The use of RWE should allow the use of retrospectively collected data to replace prospective randomized controlled trials or at least make reduce the size and longevity of clinical trials. We have had some very encouraging discussions with FDA on this front and we consider it well aligned with Least Burdensome requirements. FDA's primary concern is that the collection of data is prospectively designed to eliminate bias and produce the most reliable, consistent and interpretable data possible. The jury is still out on this topic, but this is the one of the most encouraging initiatives the Agency has in the works. It has the potential to dramatically reduce the burden of large clinical trials (especially randomized and with long follow-up) on manufacturers.

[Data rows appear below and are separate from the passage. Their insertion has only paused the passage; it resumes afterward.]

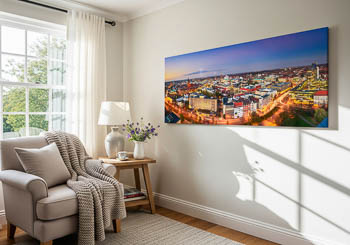 Wandbild | Skyline von Hannover bei Nacht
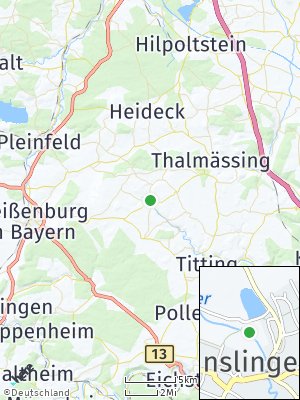 Here Map of Nennslingen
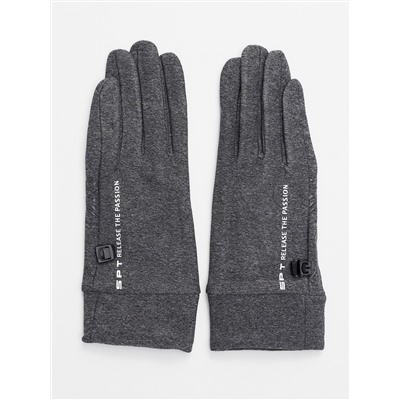 Спортивные перчатки демисезонные женские серого цвета 644Sr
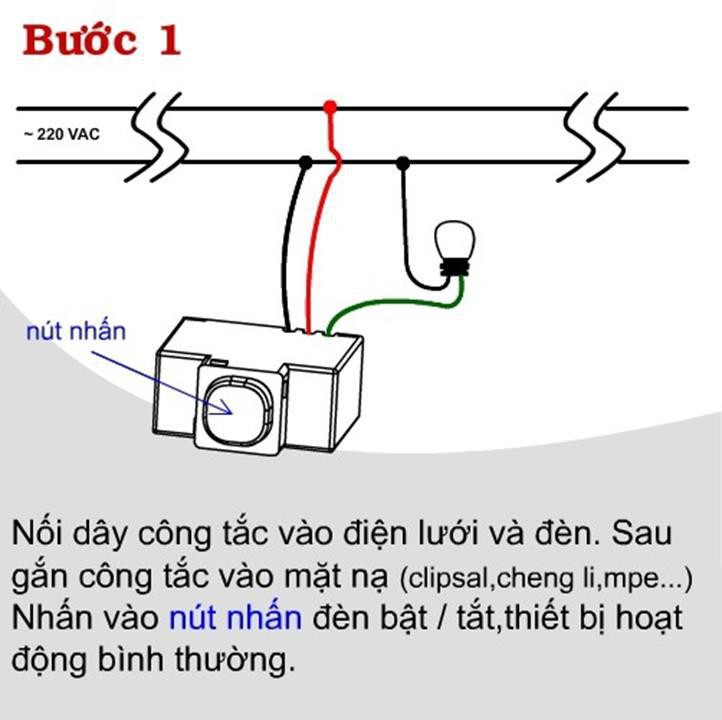 Công tắc điều khiển từ xa sóng RF TPE RI01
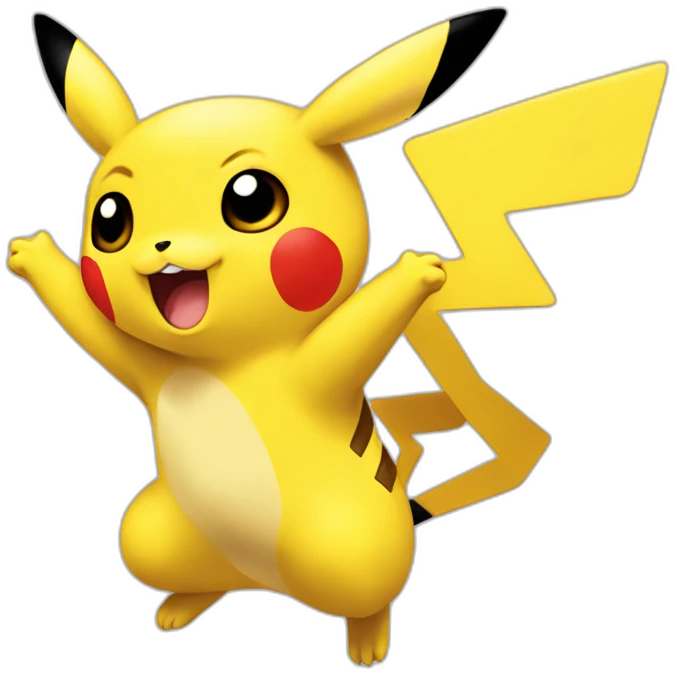 picachu volando emoji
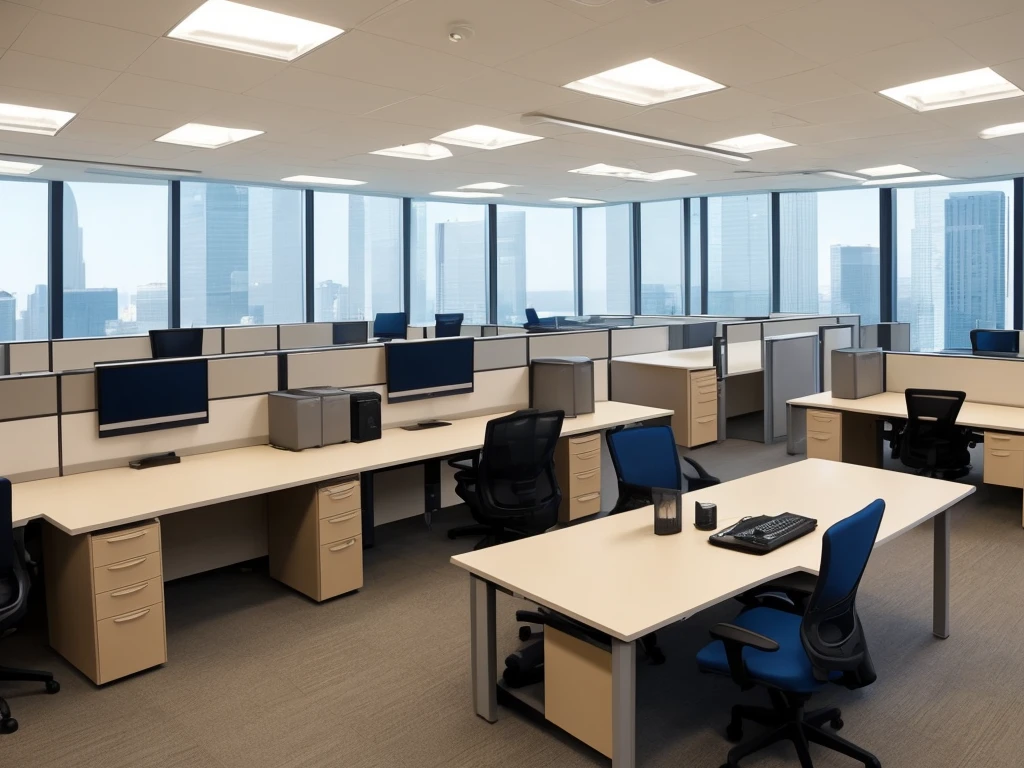 A busy office of a multinational corporation, with people working together in a professional and focused environment. The office is filled with natural sunlight, illuminating the modern and sleek interiors. The employees are sitting at their desks, using state-of-the-art technology and collaborating as a team. The atmosphere is vibrant and energetic, with a sense of productivity and efficiency lingering in the air.

The employees are dressed in smart and professional attire, reflecting the corporate culture. The team consists of diverse individuals, each bringing their unique skills and strengths to contribute to the success of the organization. They are engaged in various tasks, such as brainstorming, discussing strategies, analyzing data, and working on projects. The interactions between team members are supportive, as they share ideas, offer feedback, and work towards common goals.

The walls of the office are adorned with motivational quotes and inspiring artwork, emphasizing the importance of teamwork and innovation. The furniture is sleek and ergonomic, providing comfort and functionality to the employees. The office space is well-organized and clutter-free, promoting a sense of clarity and focus.

The lighting in the office is bright yet warm, creating a pleasant and welcoming atmosphere. The natural light is complemented by strategically placed artificial lights, ensuring a well-lit working environment. The colors used in the office are predominantly neutral tones, with subtle pops of vibrant colors to add visual interest.

The artwork displayed in the office reflects the company's values and vision. It may include abstract paintings, modern sculptures, or photographs capturing inspiring moments. These artistic elements contribute to the overall aesthetic appeal of the office, creating a stimulating and creative environment.

The overall image quality is of the highest standard, with ultra-detailed and realistic renderings that showcase the finest details of the office. The prompt should emphasize the best quality, with options for high-resolution, 4k or 8k imagery. The prompt should also highlight the use of professional techniques, such as studio lighting and physically-based rendering, to enhance the visual appeal of the generated image.

In summary, the prompt should capture the essence of a corporate office, emphasizing the teamwork, professionalism, and productivity of the employees. It should highlight the modern and sleek aesthetic of the office, the diverse and collaborative nature of the team, and the high-quality standards of the imagery.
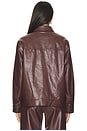 view 4 of 5 Valerie Faux Leather Bomber Jacket in Cabernet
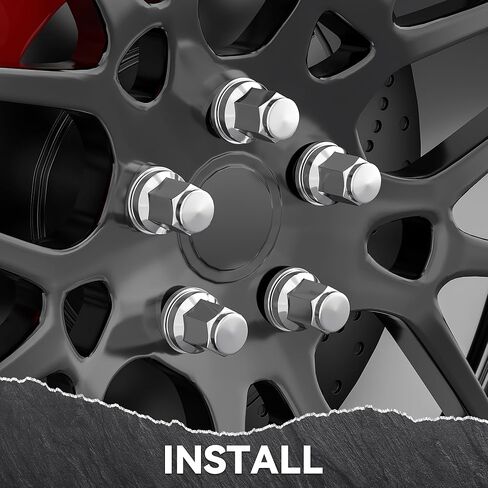 20 قطعة من صواميل العروة المصنوعة من الكروم مقاس 14 × 1.5 - مقعد ماج - بطول 1.77 بوصة بطول 7/8 بوصة من نوع OEM السداسي لسيارة سيكويا لاندكروزر تندرا لكزس LX470 LX480 in Kuwait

Some Encouraging Developments - Data Exclusivity
In the PMA world, FDA actually has statutory authority to approve a new PMA device that is essentially the same as the previously approved products, by relying on data from the previously approved product. FDA has published a guidance document which allows data already developed within a given device segment to be employed by a sponsor seeking approval. See "Guidance on Section 216 of the Food and Drug Modernization Act of 1997" (August 9, 2000) We call these generic or "Paper" PMAs.That concept is essentially in line with Least Burdensome requirements and it is being applied to well-known, well-characterized Class III devices. If this kind of thinking makes sense for PMA devices, it should make even more sense for 510(k) devices where we are attempting to establish sameness and recognize the vast amount of information that is the background for any predicate. In other words, the 510(k) program lends itself more readily to this kind of thinking and analysis than the PMA program, yet FDA continues to make the 510(k) program more and more complex, unnecessarily so. The Agency should re-calibrate its 510(k) data expectations in light of the Section 216 of FDAMA and what the Agency has done and is doing with "generic" PMAs.

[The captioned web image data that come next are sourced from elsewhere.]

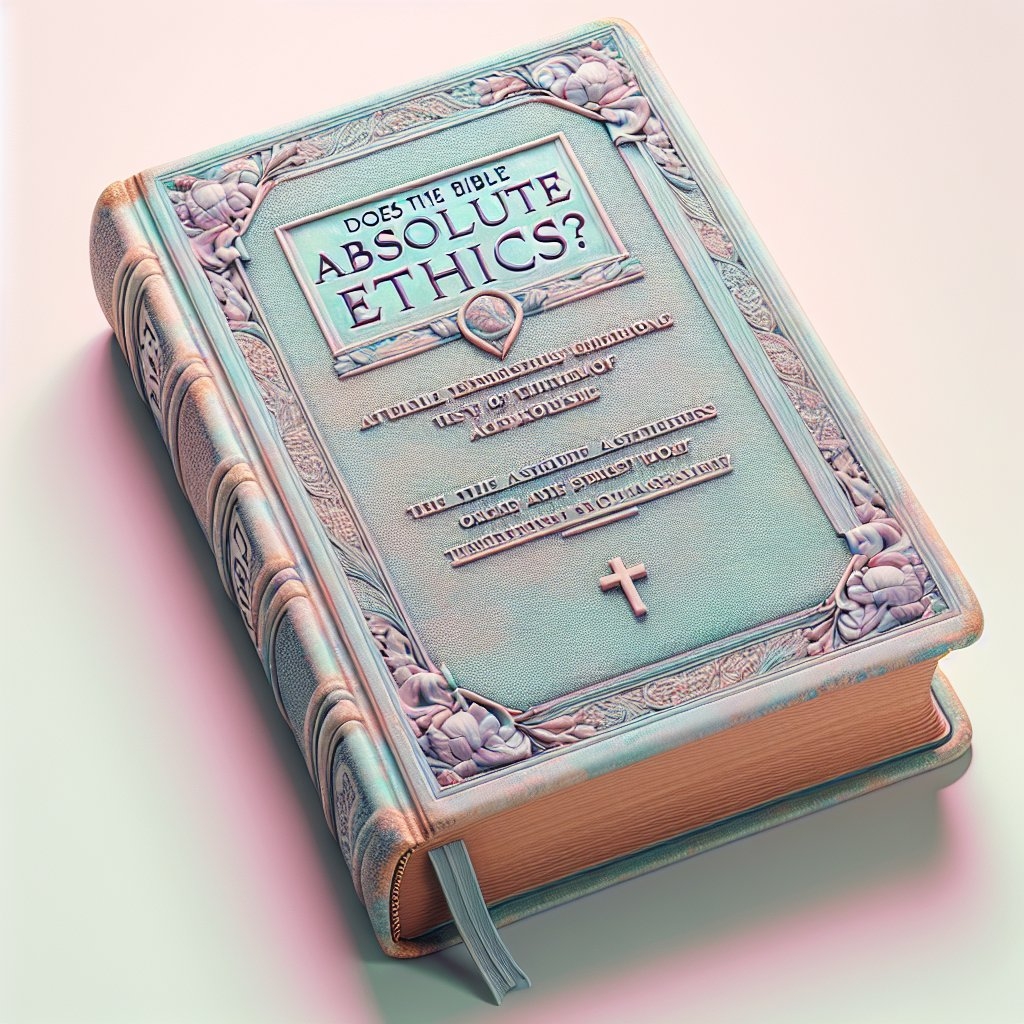 A Bíblia ensina ética absoluta?
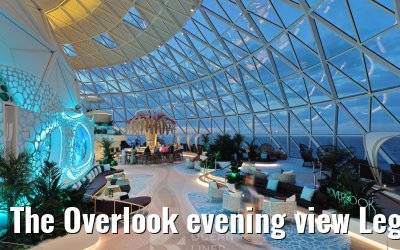 The Overlook evening view Legend of the Seas
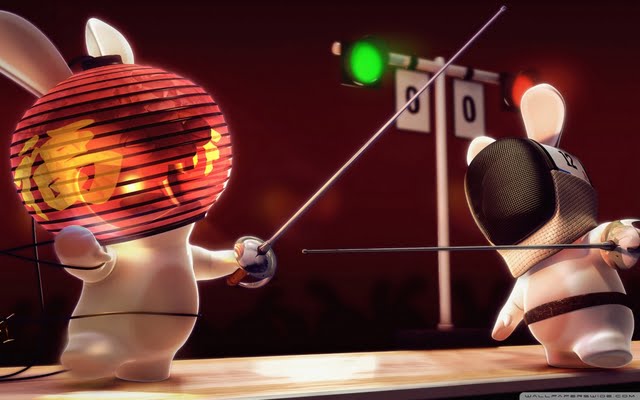 Rayman Raving Rabbids Fencing Funny Picture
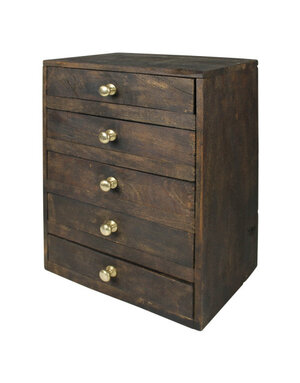 Jackson Case, 5 Drawers, Available for local pick up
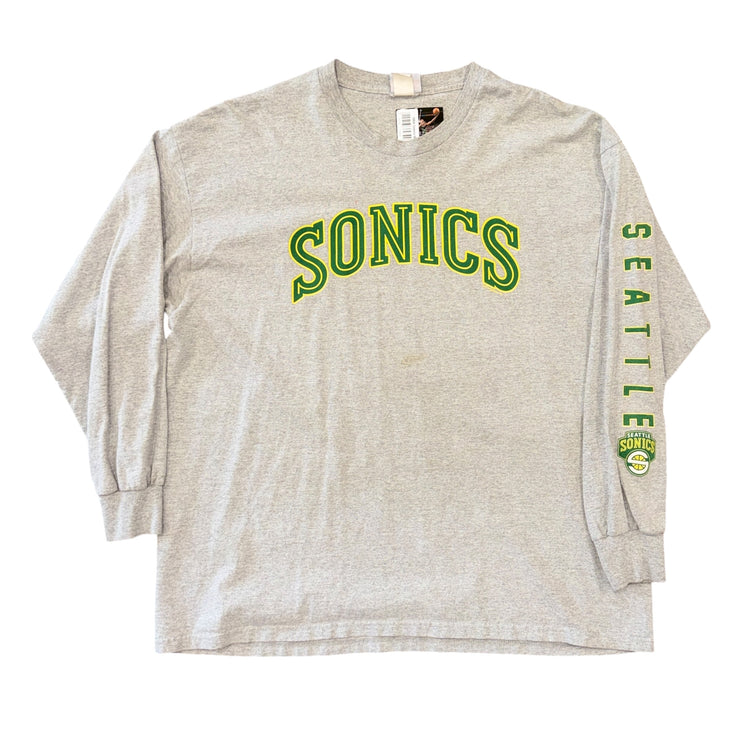 NBA 00’s NBA Seattle SuperSonics Long Sleeve Sz 2X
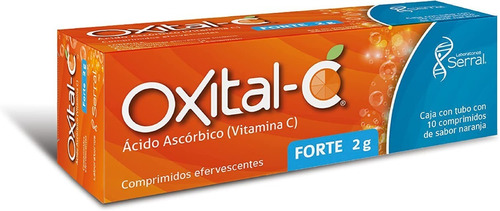 Oxital C Forte Vitamina C 2 Gr Sabor Naranja C/10 Tab Serral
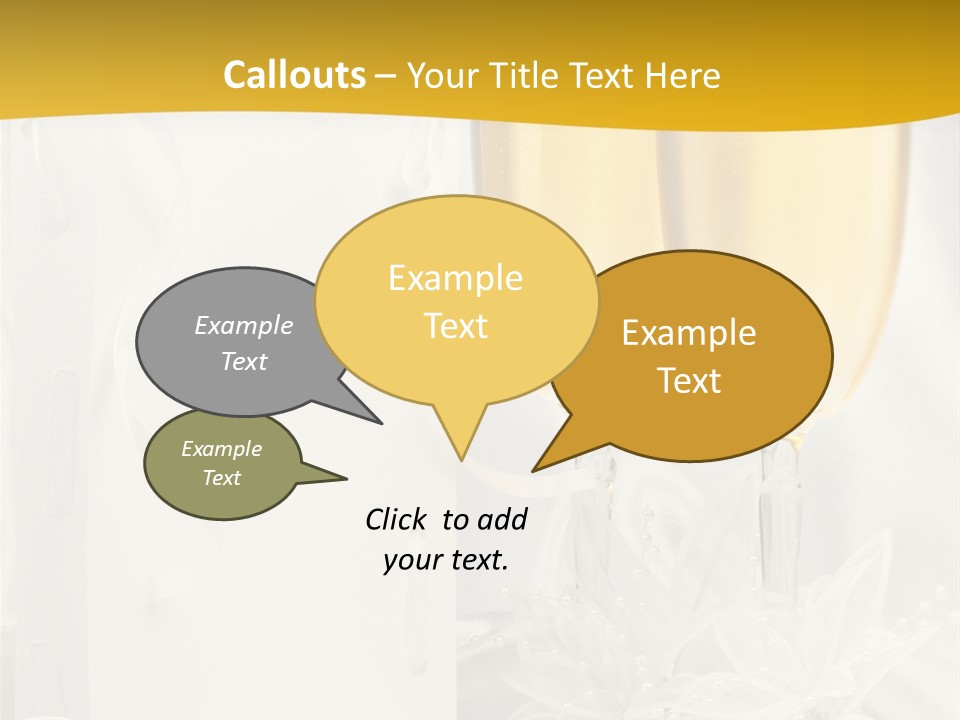 Crystal Wed Glass PowerPoint Template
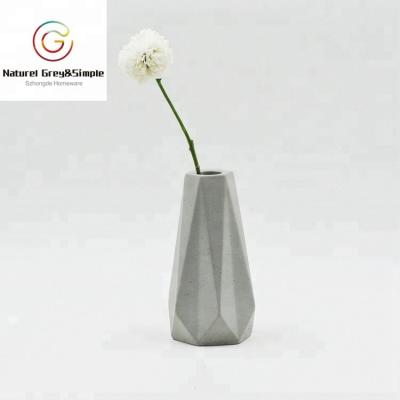 China Minimalist Geometric Cheap Simple Modern Concrete Flower Vases Flower Vases for sale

Our idea is to embolden you to challenge the Agency and to equip you with some arguments to be made to FDA...
FDA's mindset must be on whether the data set submitted supports the proposition for which it is offered, i.e. does it demonstrate the device is as safe and effective as the predicate? This is done by knowing the underlying predicate family already enjoys the regulatory presumption that the predicates are safe, effective and have clinical utility.
FDA sometimes focuses on how big and powerful and extensive the (Frankenstein) data set can be, without regard to the more limited standard before it. If FDA wants to, it can fashion solutions that will expedite innovations to the market without harming patients or the medical device ecosystem that brings them to market.
Our idea is to embolden you to challenge the Agency and to equip you with some arguments to be made to FDA. This will prepare you for a better outcome than simply having FDA dictate the clinical and non-clinical data needed to establish substantial equivalence.